=== About this exercise ===
Once you reach the line containing "AK license plate GIJ616" in the entries below, write out that line and each one after it down to the line containing "Gần 2.000 học", exactly and with nothing added.

** Opening Extracted records block **

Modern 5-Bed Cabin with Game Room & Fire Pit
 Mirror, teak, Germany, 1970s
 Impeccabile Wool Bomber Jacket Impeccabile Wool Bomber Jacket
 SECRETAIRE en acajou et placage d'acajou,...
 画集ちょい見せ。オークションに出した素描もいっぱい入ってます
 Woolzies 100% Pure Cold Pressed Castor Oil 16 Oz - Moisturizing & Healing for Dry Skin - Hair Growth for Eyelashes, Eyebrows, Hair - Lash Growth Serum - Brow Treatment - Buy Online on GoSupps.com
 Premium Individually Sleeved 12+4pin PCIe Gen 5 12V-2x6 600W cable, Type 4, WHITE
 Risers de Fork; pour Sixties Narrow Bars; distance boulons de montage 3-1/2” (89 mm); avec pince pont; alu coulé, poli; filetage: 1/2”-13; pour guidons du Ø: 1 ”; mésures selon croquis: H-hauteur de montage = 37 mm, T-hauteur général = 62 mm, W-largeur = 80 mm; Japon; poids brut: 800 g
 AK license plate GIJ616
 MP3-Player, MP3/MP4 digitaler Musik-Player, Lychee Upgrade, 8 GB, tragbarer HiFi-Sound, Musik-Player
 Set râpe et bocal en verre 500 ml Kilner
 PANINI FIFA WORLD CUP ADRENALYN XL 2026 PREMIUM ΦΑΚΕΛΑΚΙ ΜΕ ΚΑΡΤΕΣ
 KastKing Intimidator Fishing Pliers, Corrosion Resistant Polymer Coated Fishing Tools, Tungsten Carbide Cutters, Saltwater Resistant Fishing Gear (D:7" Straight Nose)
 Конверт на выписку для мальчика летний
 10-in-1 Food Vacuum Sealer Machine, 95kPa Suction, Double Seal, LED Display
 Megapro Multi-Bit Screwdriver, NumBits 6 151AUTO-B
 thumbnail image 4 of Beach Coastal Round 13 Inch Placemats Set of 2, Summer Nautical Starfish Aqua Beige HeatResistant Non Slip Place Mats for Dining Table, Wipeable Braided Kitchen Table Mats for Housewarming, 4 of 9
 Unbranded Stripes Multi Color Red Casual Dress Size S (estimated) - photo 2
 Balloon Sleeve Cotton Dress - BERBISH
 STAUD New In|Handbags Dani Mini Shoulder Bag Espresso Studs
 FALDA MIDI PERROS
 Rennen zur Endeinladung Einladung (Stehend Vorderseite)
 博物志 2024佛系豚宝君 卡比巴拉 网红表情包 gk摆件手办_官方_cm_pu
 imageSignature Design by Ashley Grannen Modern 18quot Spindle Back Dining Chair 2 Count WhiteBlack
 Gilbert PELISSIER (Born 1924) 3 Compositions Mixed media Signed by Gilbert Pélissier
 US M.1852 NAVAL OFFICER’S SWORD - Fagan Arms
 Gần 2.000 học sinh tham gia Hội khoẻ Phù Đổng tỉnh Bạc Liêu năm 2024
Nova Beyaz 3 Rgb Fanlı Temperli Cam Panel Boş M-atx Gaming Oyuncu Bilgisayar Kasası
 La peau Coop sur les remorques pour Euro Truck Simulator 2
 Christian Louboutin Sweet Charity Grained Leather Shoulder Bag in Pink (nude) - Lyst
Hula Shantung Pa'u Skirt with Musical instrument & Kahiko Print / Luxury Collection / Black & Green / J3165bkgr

** Closing Extracted records block **

=== Exercise response ===
 AK license plate GIJ616
 MP3-Player, MP3/MP4 digitaler Musik-Player, Lychee Upgrade, 8 GB, tragbarer HiFi-Sound, Musik-Player
 Set râpe et bocal en verre 500 ml Kilner
 PANINI FIFA WORLD CUP ADRENALYN XL 2026 PREMIUM ΦΑΚΕΛΑΚΙ ΜΕ ΚΑΡΤΕΣ
 KastKing Intimidator Fishing Pliers, Corrosion Resistant Polymer Coated Fishing Tools, Tungsten Carbide Cutters, Saltwater Resistant Fishing Gear (D:7" Straight Nose)
 Конверт на выписку для мальчика летний
 10-in-1 Food Vacuum Sealer Machine, 95kPa Suction, Double Seal, LED Display
 Megapro Multi-Bit Screwdriver, NumBits 6 151AUTO-B
 thumbnail image 4 of Beach Coastal Round 13 Inch Placemats Set of 2, Summer Nautical Starfish Aqua Beige HeatResistant Non Slip Place Mats for Dining Table, Wipeable Braided Kitchen Table Mats for Housewarming, 4 of 9
 Unbranded Stripes Multi Color Red Casual Dress Size S (estimated) - photo 2
 Balloon Sleeve Cotton Dress - BERBISH
 STAUD New In|Handbags Dani Mini Shoulder Bag Espresso Studs
 FALDA MIDI PERROS
 Rennen zur Endeinladung Einladung (Stehend Vorderseite)
 博物志 2024佛系豚宝君 卡比巴拉 网红表情包 gk摆件手办_官方_cm_pu
 imageSignature Design by Ashley Grannen Modern 18quot Spindle Back Dining Chair 2 Count WhiteBlack
 Gilbert PELISSIER (Born 1924) 3 Compositions Mixed media Signed by Gilbert Pélissier
 US M.1852 NAVAL OFFICER’S SWORD - Fagan Arms
 Gần 2.000 học sinh tham gia Hội khoẻ Phù Đổng tỉnh Bạc Liêu năm 2024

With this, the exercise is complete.